What you should do >>
In the material below, the lines between the one holding "Pre-foreclosure Listing in" and the one holding "Gold-Toned Floral Necklace", inclusive, are to be set down word for word. Pictures stay out.

Available data >>
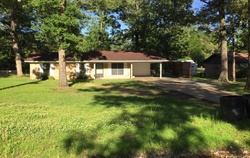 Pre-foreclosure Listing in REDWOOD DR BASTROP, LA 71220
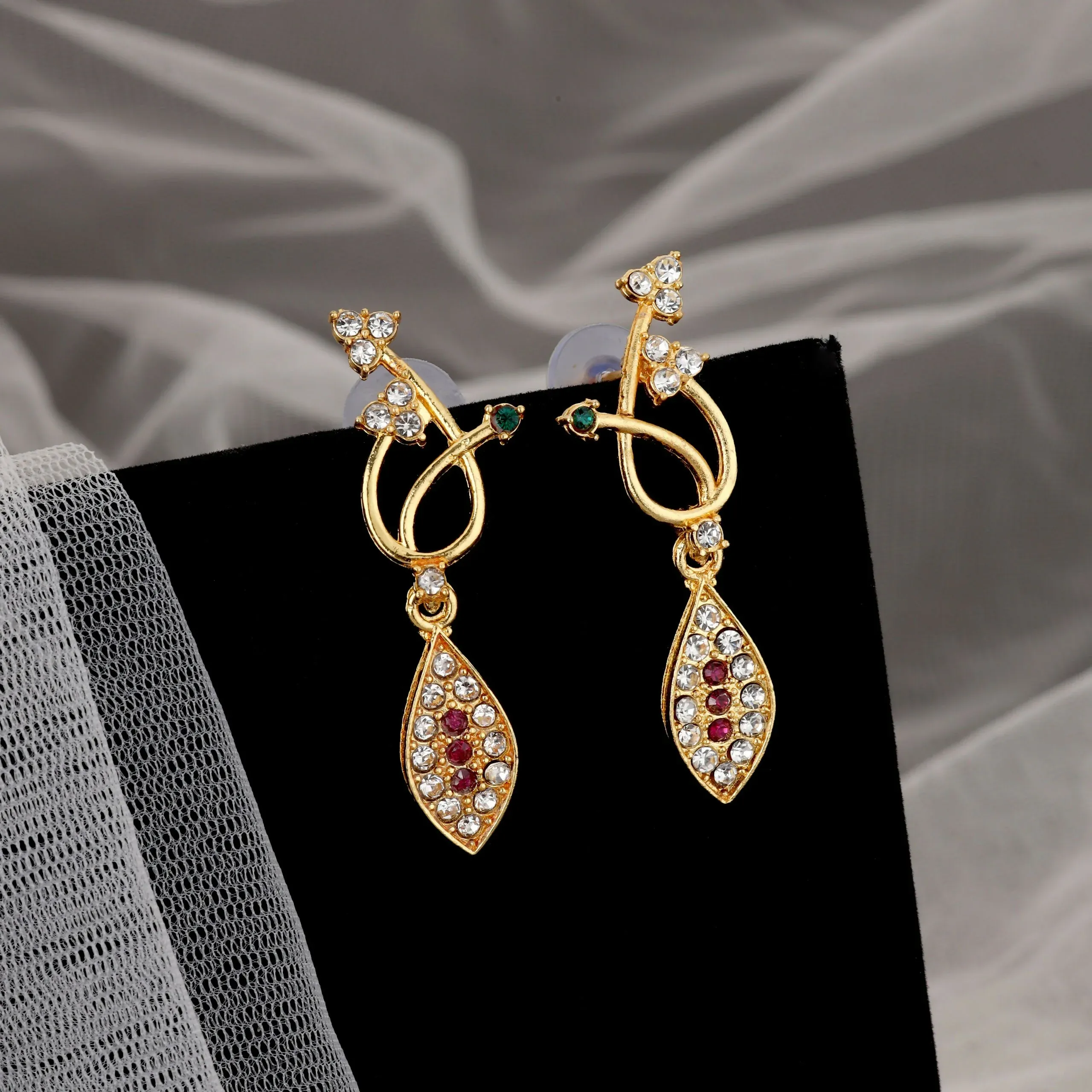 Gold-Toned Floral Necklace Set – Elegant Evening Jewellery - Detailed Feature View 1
--
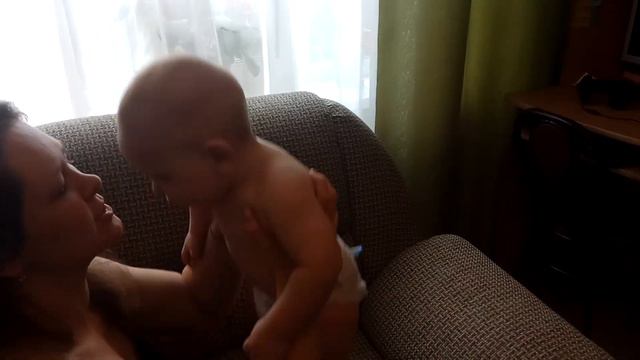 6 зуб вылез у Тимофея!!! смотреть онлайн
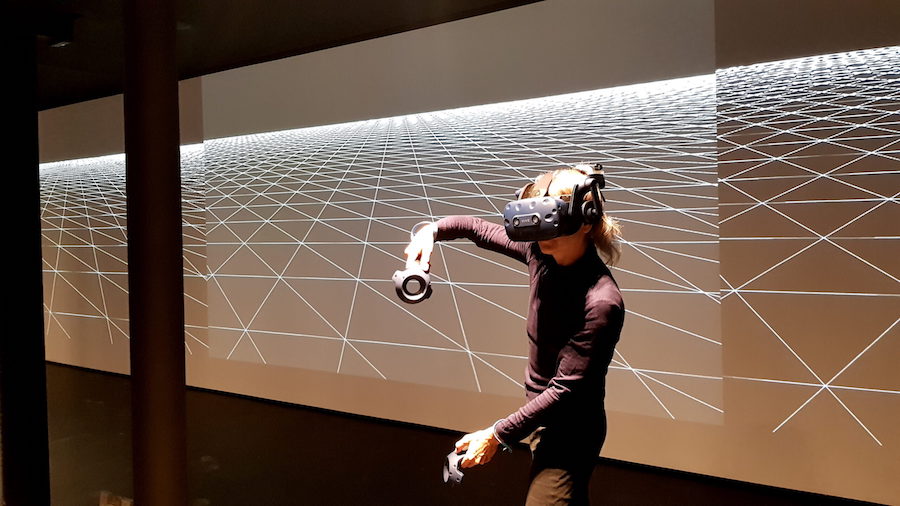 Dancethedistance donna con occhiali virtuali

Output below >>
 Pre-foreclosure Listing in REDWOOD DR BASTROP, LA 71220
 Gold-Toned Floral Necklace Set – Elegant Evening Jewellery - Detailed Feature View 1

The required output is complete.